Just as when we get a traffic ticket and pay a fine, the law remains in force. It is not as though, after we pay the fine, we may drive however we will. The law is still the law and justice must be satisfied. God said to his Old Testament church, “Cursed be everyone who does not abide by all things written in the Book of the Law, and do them (Gal 3:10; Deut 27:26). Partial obedience to the law is not enough. Obedience must be perfect as Paul says in Romans 2:13, “For it is not the hearers of the law who are righteous before God, but the doers of the law who will be justified.”
As sinners, you and I are incapable of meeting that standard, but there is one who is capable and who, in our place, did meet that standard for us—Jesus of Nazareth, God the Son incarnate. Scripture says, “For God has done what the law, weakened by the flesh, could not do. By sending his own Son in the likeness of sinful flesh and for sin, he condemned sin in the flesh, in order that the righteous requirement of the law might be fulfilled in us, who walk not according to the flesh but according to the Spirit” (Rom 8:3–4). Paul says, “Therefore, as one trespass led to condemnation for all men, so one act of righteousness leads to justification and life for all men” (Rom 5:18). The two men here are Adam and Christ. Adam’s sin led to death but Christ’s obedience for us led to life for us (Rom 5:19). Our theologians call this Christ’s active obedience. It means that everything he did, all his obedience, from the moment of his birth until his death was for us, as if you and I had personally done all that he did.3 He actively obeyed and suffered all his life, and especially at the end, for us. In our place he fulfilled the demands of the law and he paid the penalty for our disobedience. He was “born of a woman, born under the law” (Gal 4:4) not in order to qualify himself or to clear our slate, as it were, but to satisfy the law and pay our penalty in order to “redeem those who are under the law” so that you and I “might receive adoption as sons” (Gal 4:5). Believers are in a covenant of grace—divine favor, merited for us by Christ. We are no longer slaves but sons and heirs of all of the benefits of the covenant of grace (Gal 4:7).

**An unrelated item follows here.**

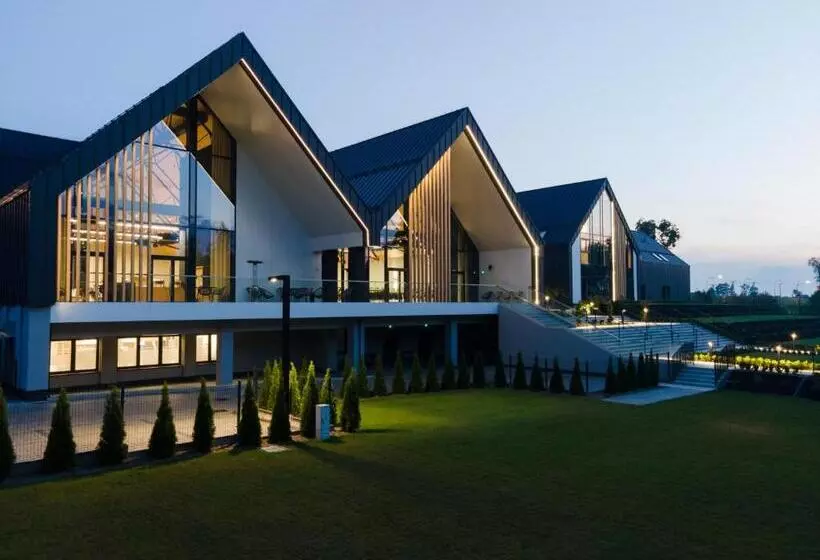 Hotelli & Restauracja Nad Sandelą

Next time we will consider what it means to say that Christ died for us as our substitute.
- The noun nomism is derived from the Greek noun for law, nomos (νομος).
- Heidelberg Catechism 6.
- There have been Reformed theologians, some very orthodox and others less so, who, following Anselm, held that Jesus had to qualify himself to be the Savior so that his active obedience was for himself. Thus, they distinguish between two phases of his obedience, the first part, or the active obedience, and the last part, his suffering obedience. Only the second, they argue, is imputed to us. For more on this debate see R. Scott Clark, “Do This and Live: The Active Obedience of Christ,” in R. Scott Clark, ed. Covenant, Justification and Pastoral Ministry: Essays by the Faculty of Westminster Seminary California (P&R Publishing, 2006), 229–65. Those Reformed theologians who rejected the chronological distinction and who taught that all that Christ did is imputed to us give a better account of Scripture.